Problem requirements> Would you repeat every entry below word for word but drop the images?

Exercise materials>
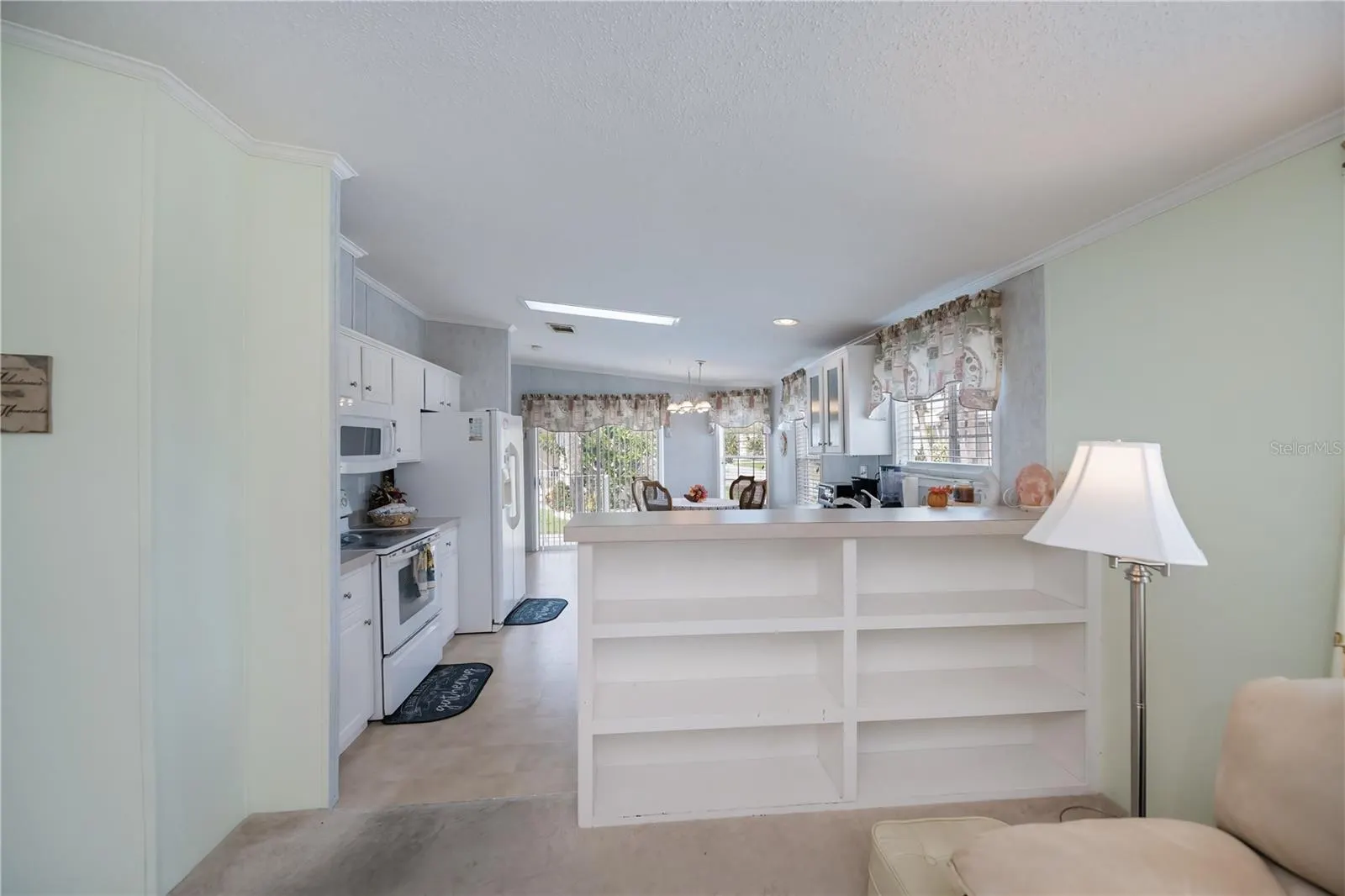 2100 KINGS HWY #144, #144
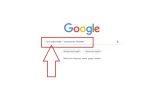 3-Agrega delante la tematica.webp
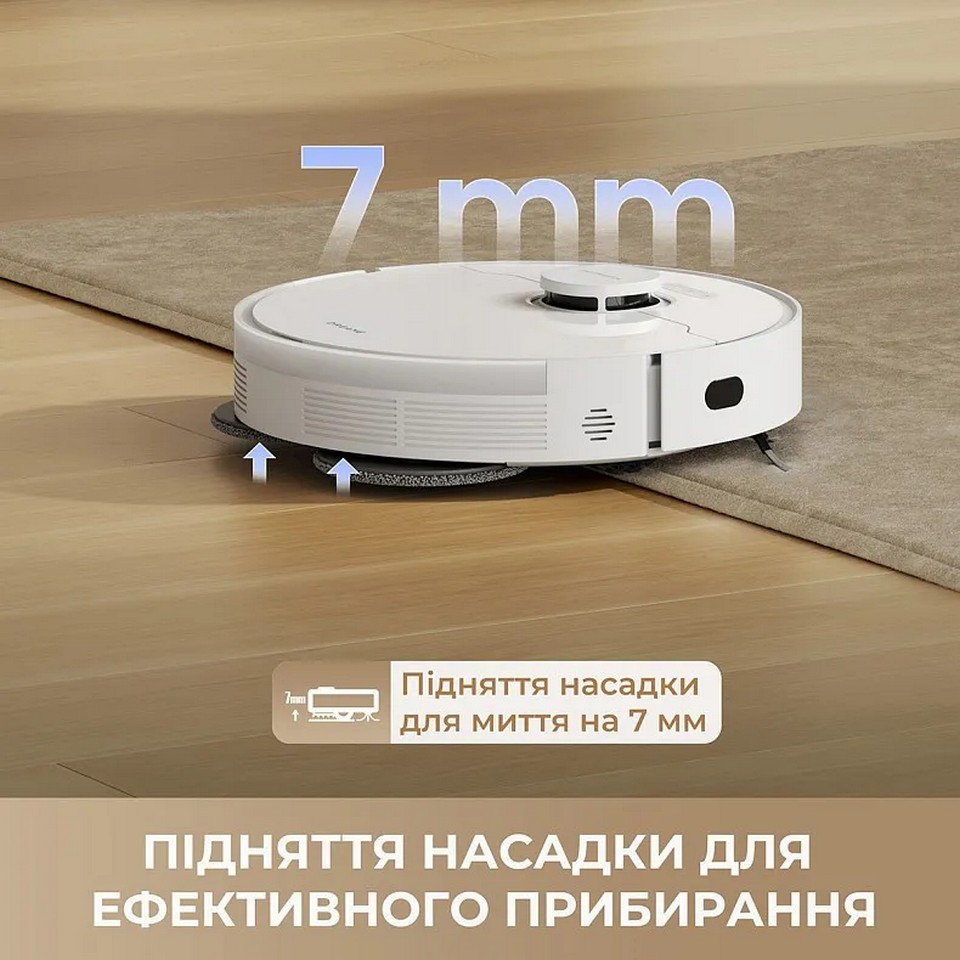 dreame-robot-vacuum-l40612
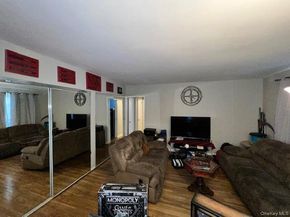 5621 Netherland Avenue 3C, Bronx NY 10471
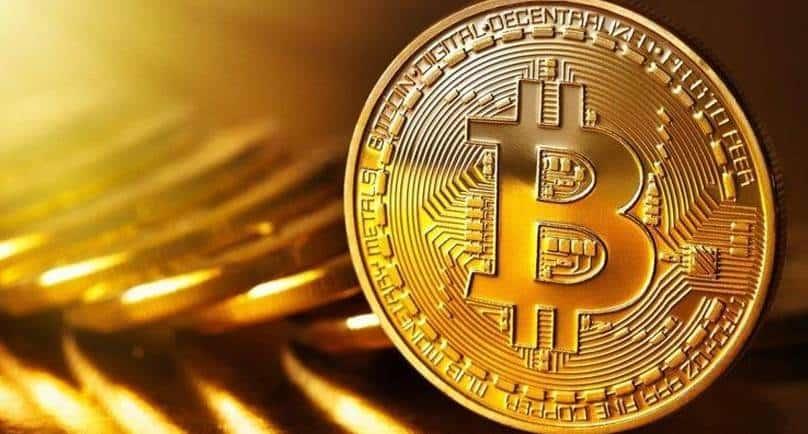 ¿Cuánto cuesta un Bitcoin HOY miércoles 12 de febrero en pesos mexicanos?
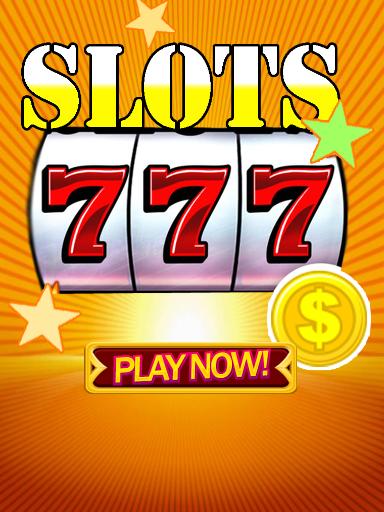 Slot free real money slots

Answer box>
 2100 KINGS HWY #144, #144
 3-Agrega delante la tematica.webp
 dreame-robot-vacuum-l40612
 5621 Netherland Avenue 3C, Bronx NY 10471
 ¿Cuánto cuesta un Bitcoin HOY miércoles 12 de febrero en pesos mexicanos?
 Slot free real money slots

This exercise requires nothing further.